Posted by "Noel J. Bergman" <no...@devtech.com>.
Sam,

Please understand that I am *not* trying to be difficult.  I am simply
trying to understand how the ASF Bylaws, which are a legal document of the
Corporation, impact this process.

> The board appoints officers.  Officers are empowered to appoint members.
> The appointment process is specified by the project's charter.

>From ASF Bylaw 6.3: "In addition to the officers of the corporation, the
Board of Directors may, by resolution, establish one or more Project
Management Committees consisting of at least one officer of the corporation,
who shall be designated chairman of such committee, and may include one or
more other members of the corporation."

Sorry, you are correct and I mis-read it initially.  It isn't a ASF Board
member, it is an ASF Officer, whom are listed here:
http://www.apache.org/foundation/.  The bylaws do state that the PMC
Chairman SHALL be an Officer of the Corporation.  But ASF Bylaw 6.1 does
include: "and such other officers and assistant officers and agents as may
be deemed necessary may be elected or appointed by the Board of Directors
from time to time", so perhaps all that is necessary is for the Board to
designate each PMC Chairman (e.g., Nicola) as an ASF Officer.
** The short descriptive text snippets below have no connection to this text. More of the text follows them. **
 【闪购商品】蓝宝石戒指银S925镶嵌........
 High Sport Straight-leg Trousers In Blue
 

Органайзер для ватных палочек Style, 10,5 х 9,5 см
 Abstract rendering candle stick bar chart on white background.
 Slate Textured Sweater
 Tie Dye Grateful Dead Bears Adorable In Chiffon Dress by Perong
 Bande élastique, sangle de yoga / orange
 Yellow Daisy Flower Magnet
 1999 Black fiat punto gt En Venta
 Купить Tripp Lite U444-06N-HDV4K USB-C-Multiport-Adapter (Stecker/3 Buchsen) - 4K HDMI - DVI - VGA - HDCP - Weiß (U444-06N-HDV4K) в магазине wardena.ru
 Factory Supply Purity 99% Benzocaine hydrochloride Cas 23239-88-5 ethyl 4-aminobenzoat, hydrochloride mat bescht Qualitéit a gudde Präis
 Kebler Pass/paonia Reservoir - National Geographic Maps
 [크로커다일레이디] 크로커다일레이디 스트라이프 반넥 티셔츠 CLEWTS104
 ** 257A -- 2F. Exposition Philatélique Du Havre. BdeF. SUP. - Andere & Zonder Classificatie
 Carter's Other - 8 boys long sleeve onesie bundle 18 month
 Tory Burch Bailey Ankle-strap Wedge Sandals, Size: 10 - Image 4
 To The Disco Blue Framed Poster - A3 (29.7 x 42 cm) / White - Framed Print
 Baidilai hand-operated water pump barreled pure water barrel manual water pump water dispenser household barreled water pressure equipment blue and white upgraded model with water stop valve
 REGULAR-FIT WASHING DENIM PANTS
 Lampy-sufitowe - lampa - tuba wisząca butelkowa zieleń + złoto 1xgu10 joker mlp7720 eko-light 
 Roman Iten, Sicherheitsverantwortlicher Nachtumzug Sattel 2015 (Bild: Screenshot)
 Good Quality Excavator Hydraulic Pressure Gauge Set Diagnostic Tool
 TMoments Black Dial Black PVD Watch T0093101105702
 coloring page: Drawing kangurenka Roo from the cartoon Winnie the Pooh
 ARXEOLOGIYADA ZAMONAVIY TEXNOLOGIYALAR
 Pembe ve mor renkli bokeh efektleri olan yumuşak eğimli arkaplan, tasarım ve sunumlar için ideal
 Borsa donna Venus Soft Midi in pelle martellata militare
>From ASF Bylaws 6.4: "The officers of the corporation and the members of
each existing Project Management Committee shall be appointed by the Board
of Directors or appointed by an officer empowered by the Board to make such
appointment."

So what you are saying is that the PMC Chairman is legally the Corporate
Oficer who designates PMC members, but that as an internal process the
designated Officer abides by whatever rules are established by the
Community?

> Nicola Ken is an ASF member.  As are Berin and Stefano.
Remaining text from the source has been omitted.